Conflict is unavoidable in business. So getting really great at handling it is a key to success at any level in an organization.
Often, we approach a conflict by focusing on ourselves — our own emotional upset and the validity of our point of view. But that’s what the other party is doing too so getting to resolution can be difficult and emotionally charged.
Empathy goes a long way toward smoothing over differences and assuring mutually beneficial outcomes. One key to this is to realize that the other party is very likely to be feeling what you are feeling.
If you are frustrated, they probably are too. If you are resentful at how you are being treated — you can bet they are too.
So if you will realize that before you try to resolve the issue, that empathy can increase your compassion toward the other party and encourage you to be more flexible and open-minded.
Another mistake people make is thinking that their logic is superior. We think, “If I can just explain myself clearly enough, they’ll go along with me.”
Because the other party has their own logic. And in their mind it is better than yours. For every logic point you make, they have one to counter it.

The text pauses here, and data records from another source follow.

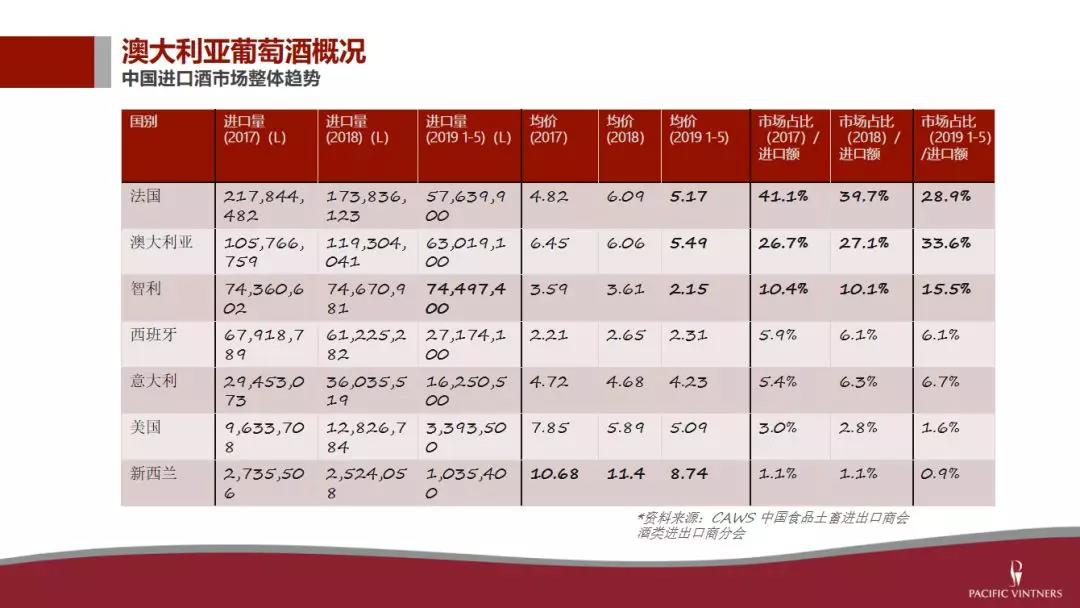 太平洋酒业吕佳扬：澳洲生产商、酒商、贸易商有什么不同？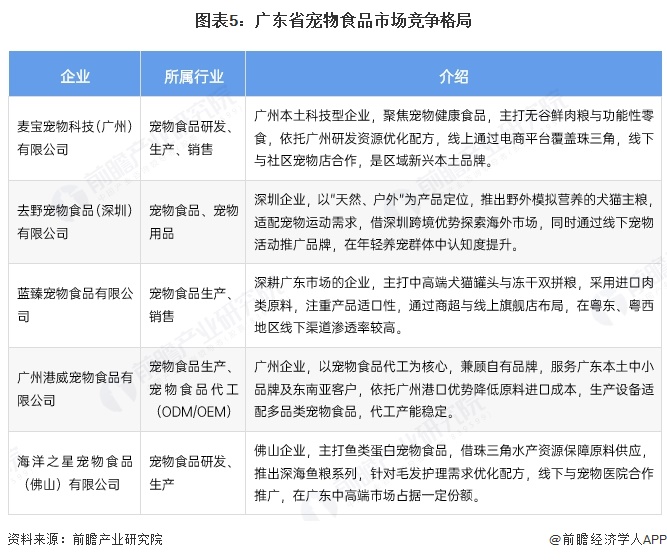 图表5:广东省宠物食品市场竞争格局
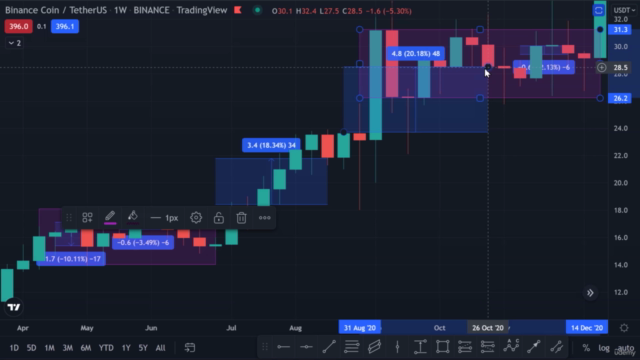 cryptocurrency candlestick api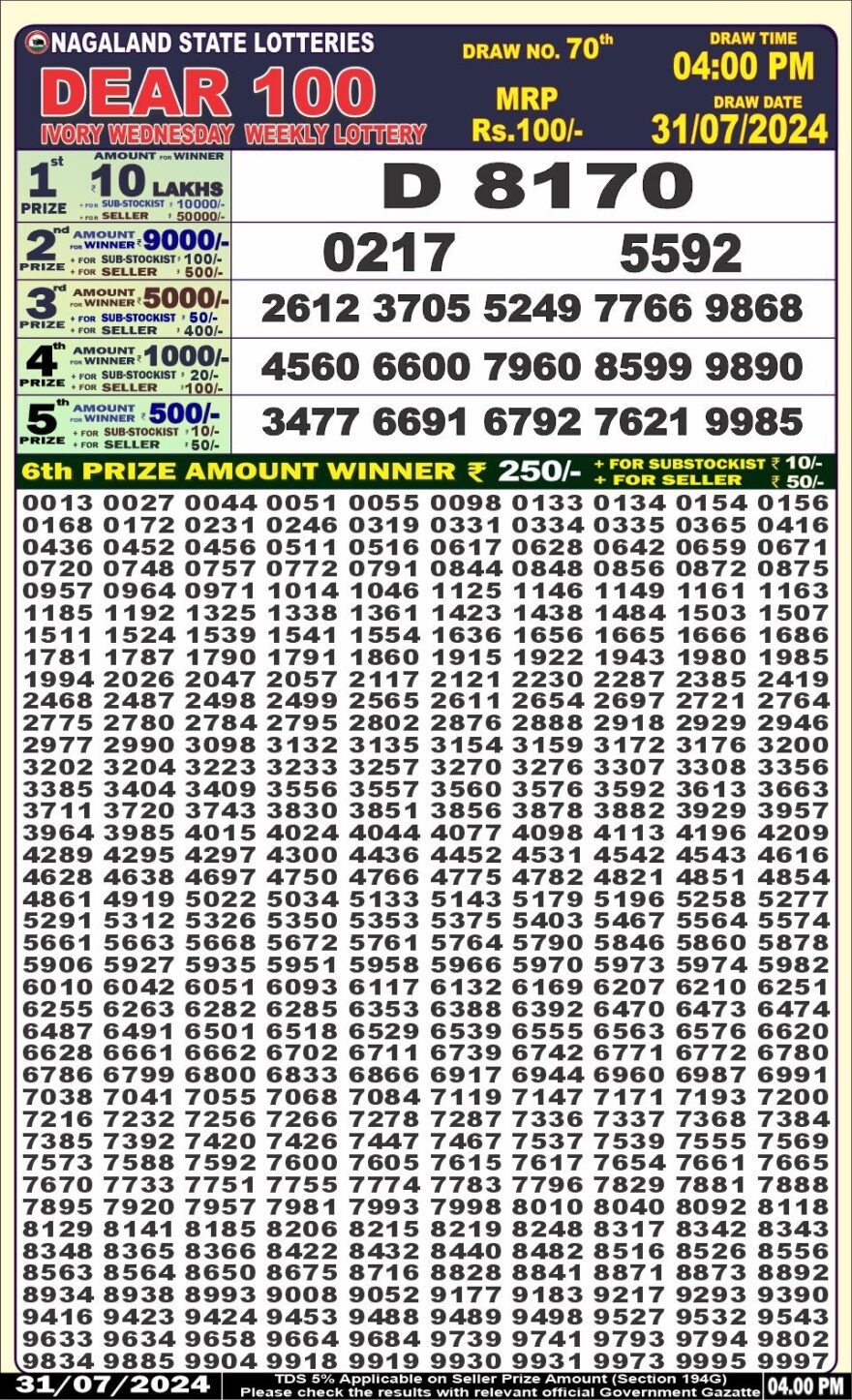 Lottery Result Today July 31, 2024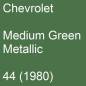 Preview: Chevrolet, Medium Green Metallic, 44 (1980).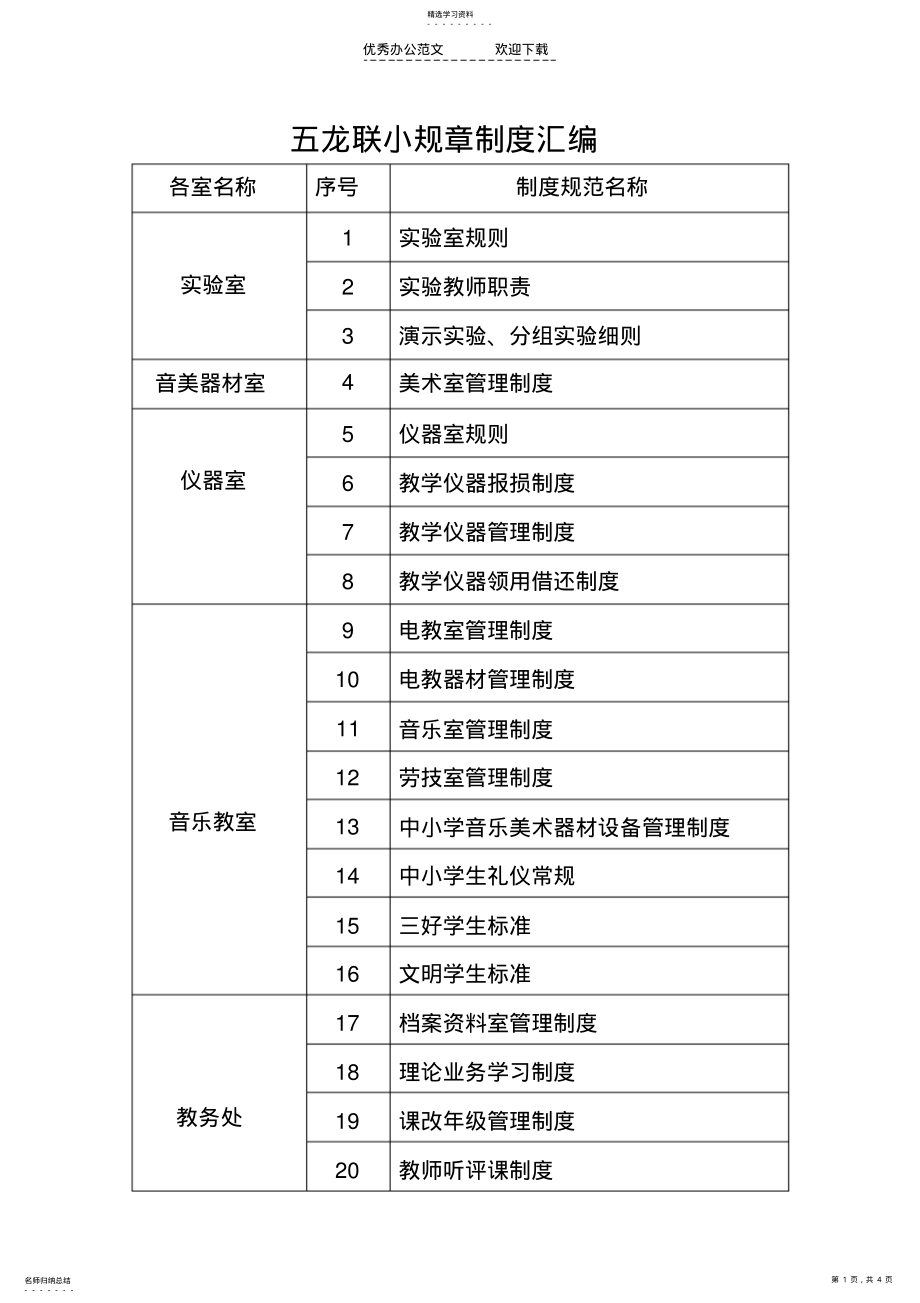 2022年五龙联小规章制度汇编 .pdf_第1页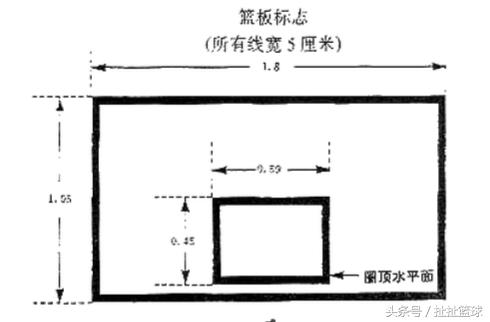 喜欢篮球的一些话题,喜欢篮球的小伙伴可以多加交流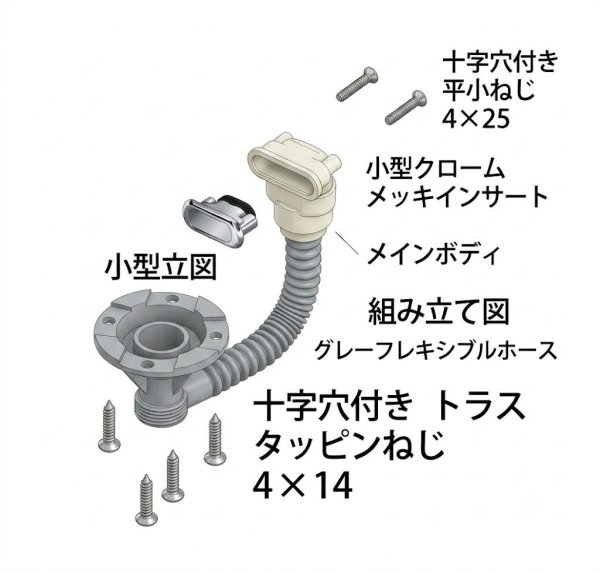 画像2: CQ75UK04 パナソニック うつくし排水ブロックセット (GQD75UHNZK用・オーバーフロー付) 【適合確認可】  (2)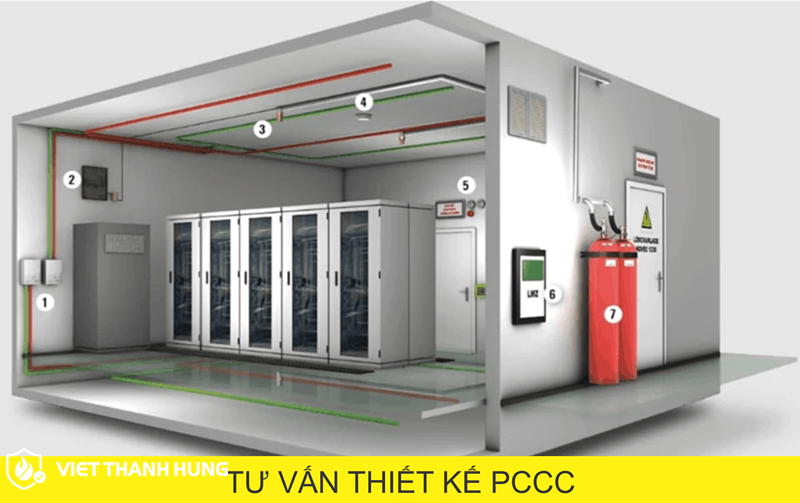 Tại sao cần tư vấn và thiết kế hệ thống PCCC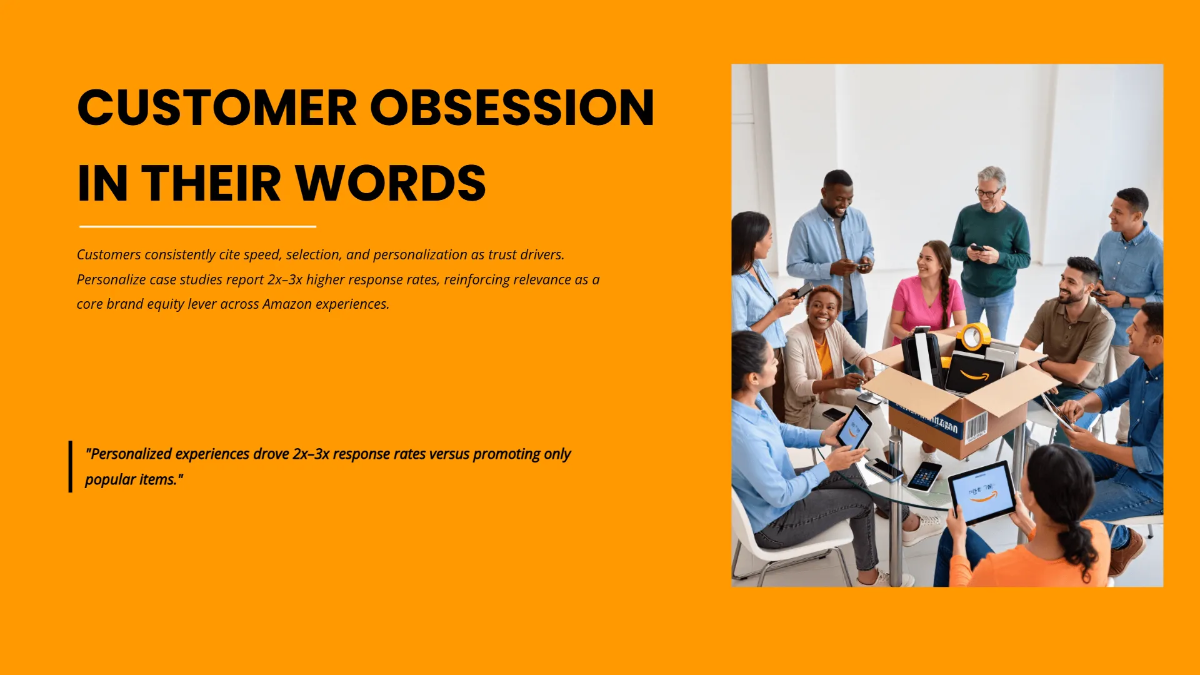 Free Amazon Brand Identity Presentation Template to Edit Online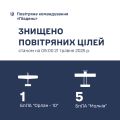 Збройні Сили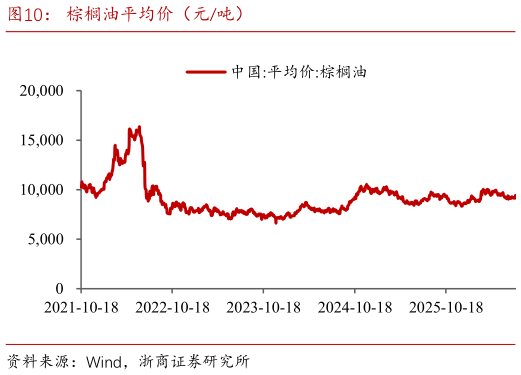 怎样理解棕榈油平均价（元吨）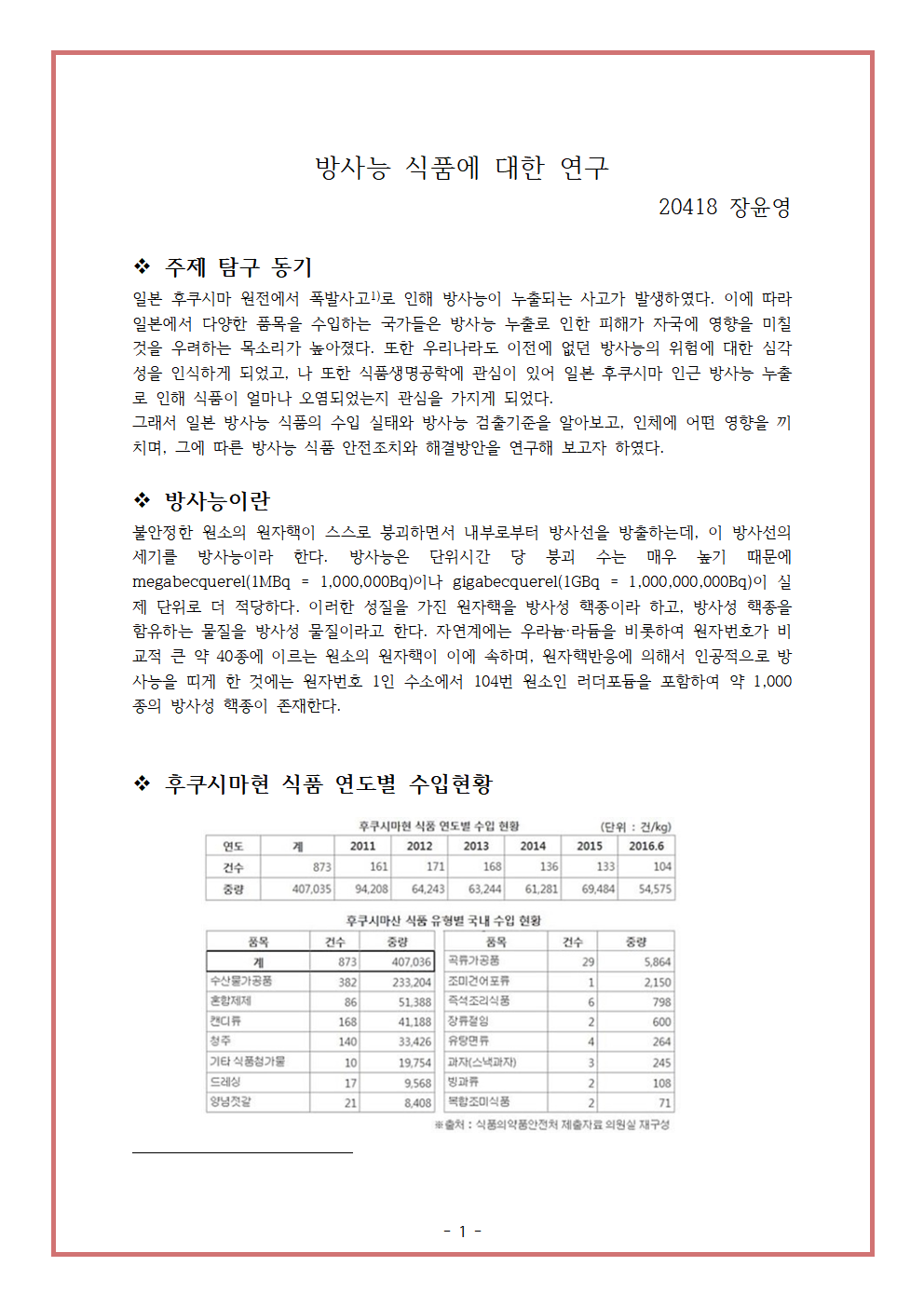 방사능 식품001.png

So around and around you go.
The way through this impasse is to quit arguing for your logic.
Instead, ask great questions that will surface the other party’s underlying needs, such as “what is important to you about that solution?” Then share your own underlying need.
When you reverse engineer the problem-solving process back to the real needs, there is a lot of flexibility available for meeting them that can lead to a mutually beneficial outcome.